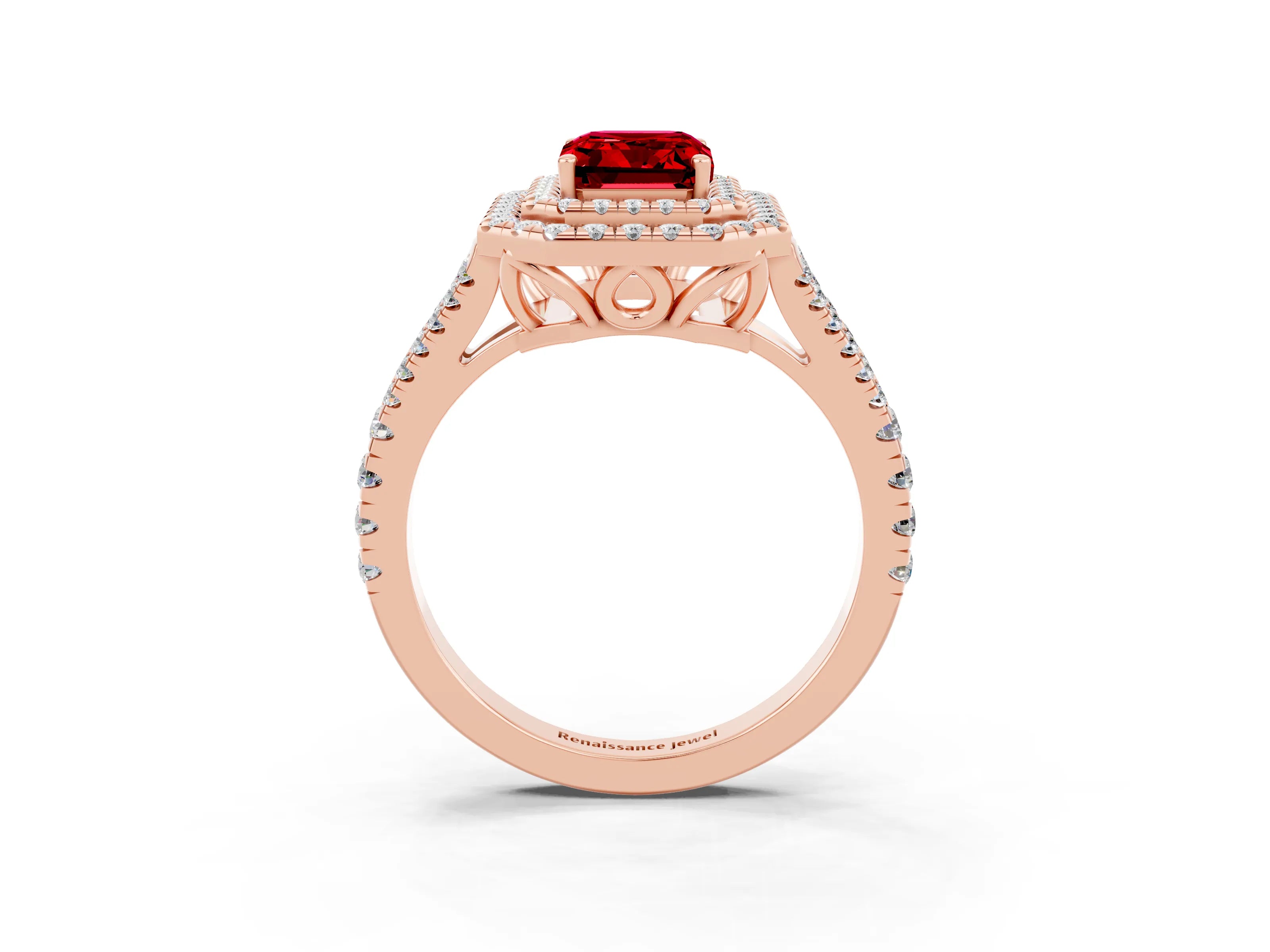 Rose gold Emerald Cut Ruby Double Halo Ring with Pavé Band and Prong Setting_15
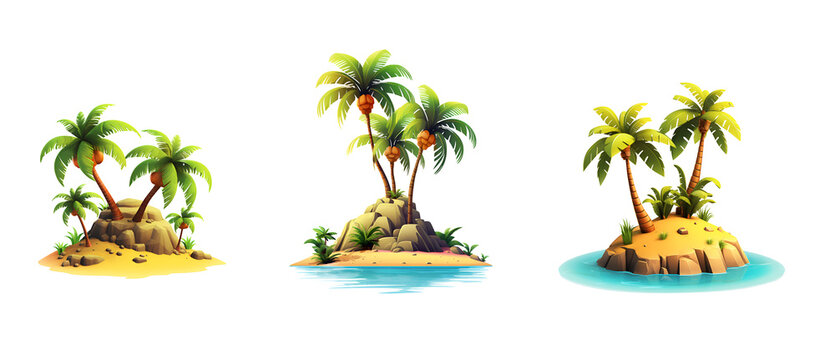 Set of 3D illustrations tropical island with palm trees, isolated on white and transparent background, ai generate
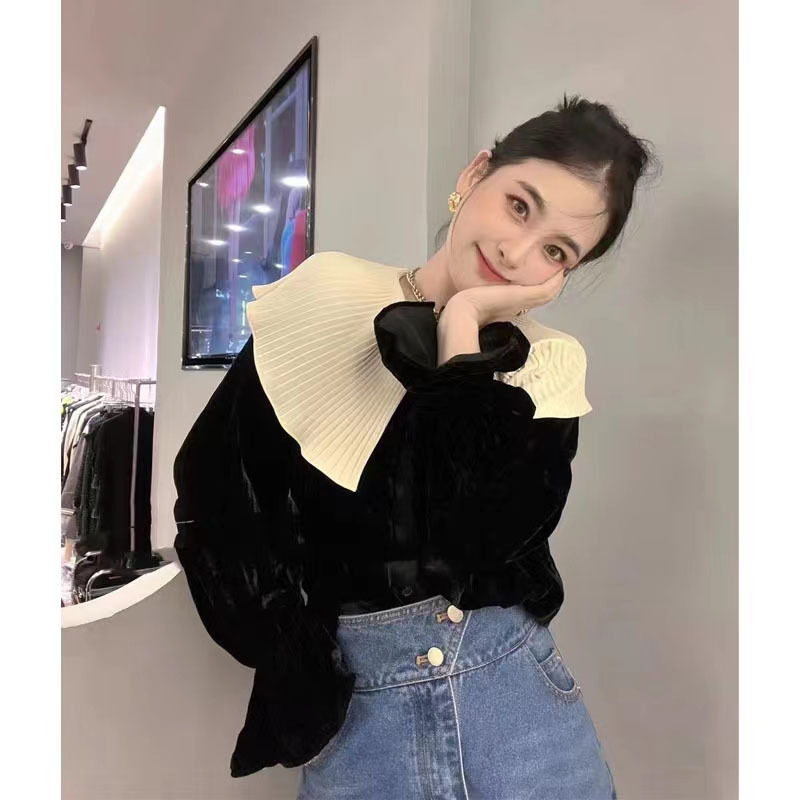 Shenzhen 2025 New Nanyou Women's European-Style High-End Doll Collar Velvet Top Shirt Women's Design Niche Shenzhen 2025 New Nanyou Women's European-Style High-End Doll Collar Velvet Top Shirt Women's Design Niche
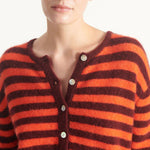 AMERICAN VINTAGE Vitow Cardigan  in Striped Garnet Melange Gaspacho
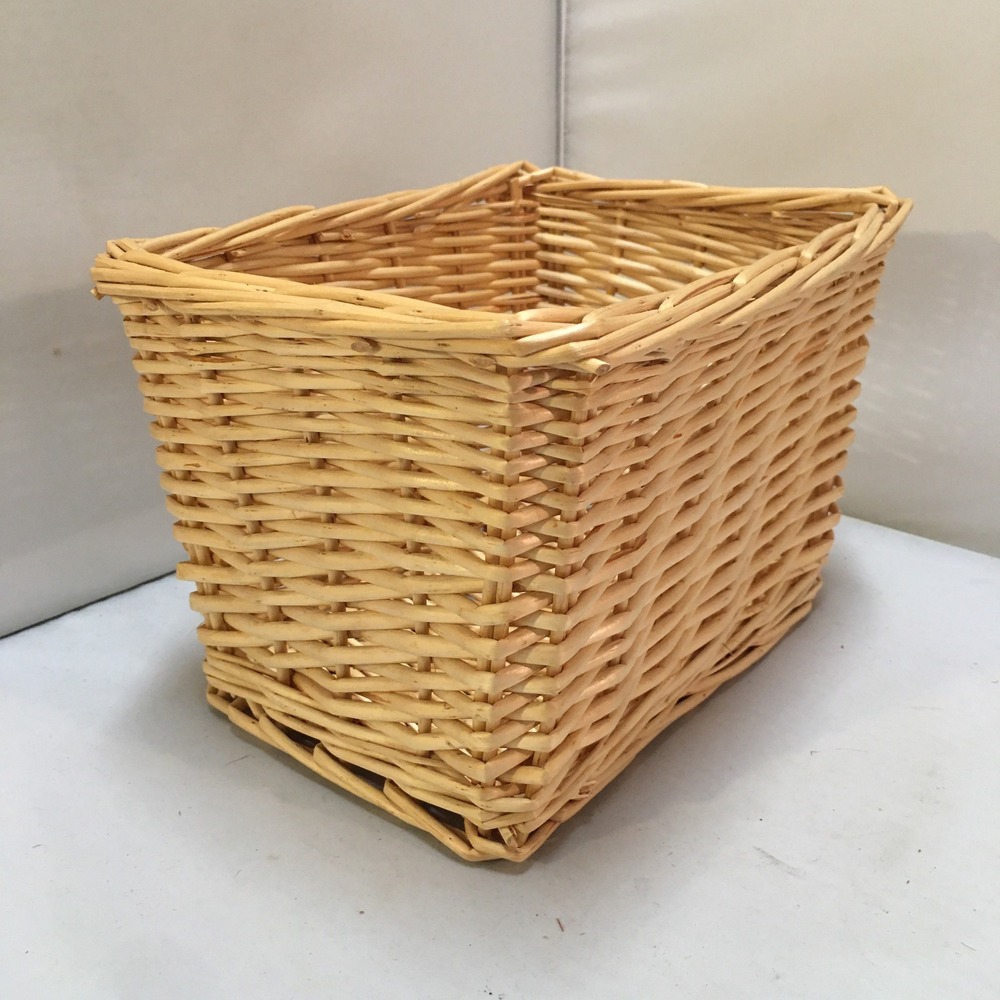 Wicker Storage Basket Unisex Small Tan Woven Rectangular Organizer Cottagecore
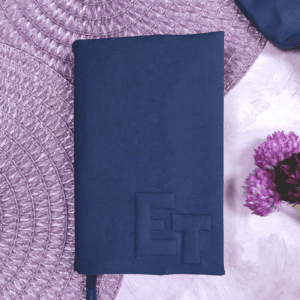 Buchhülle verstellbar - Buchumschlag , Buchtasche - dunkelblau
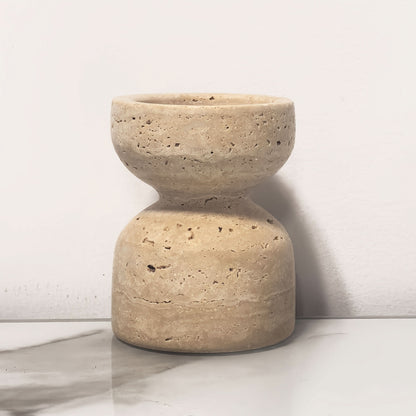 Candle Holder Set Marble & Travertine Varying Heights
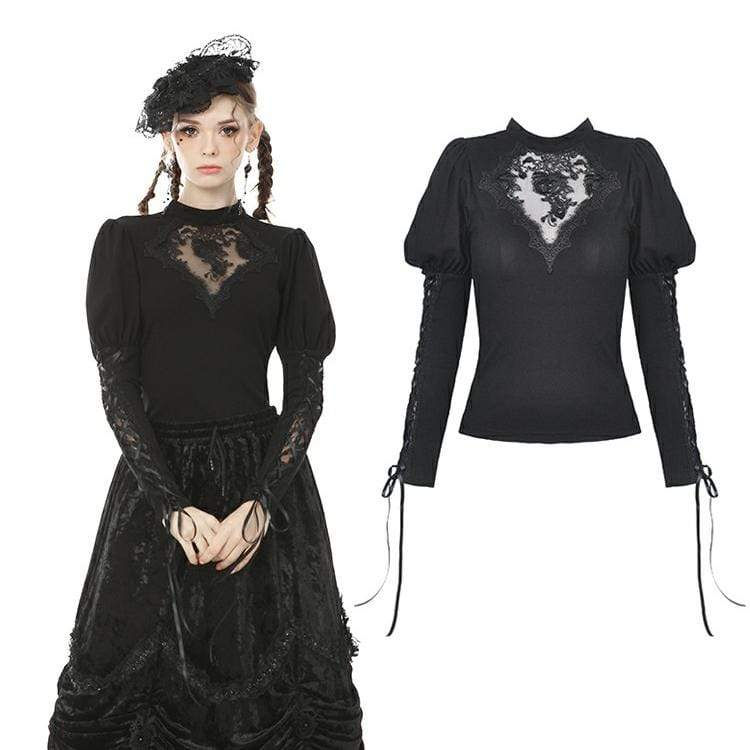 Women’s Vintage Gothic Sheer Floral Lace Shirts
_ _ _
● **PROMPT**:
Pictures stay out; reproduce exactly the lines from the one containing "Wicker Storage Basket" through the last line of the listing, both included.

● **TASK RESULT**:
 Wicker Storage Basket Unisex Small Tan Woven Rectangular Organizer Cottagecore
 Buchhülle verstellbar - Buchumschlag , Buchtasche - dunkelblau
 Candle Holder Set Marble & Travertine Varying Heights
 Women’s Vintage Gothic Sheer Floral Lace Shirts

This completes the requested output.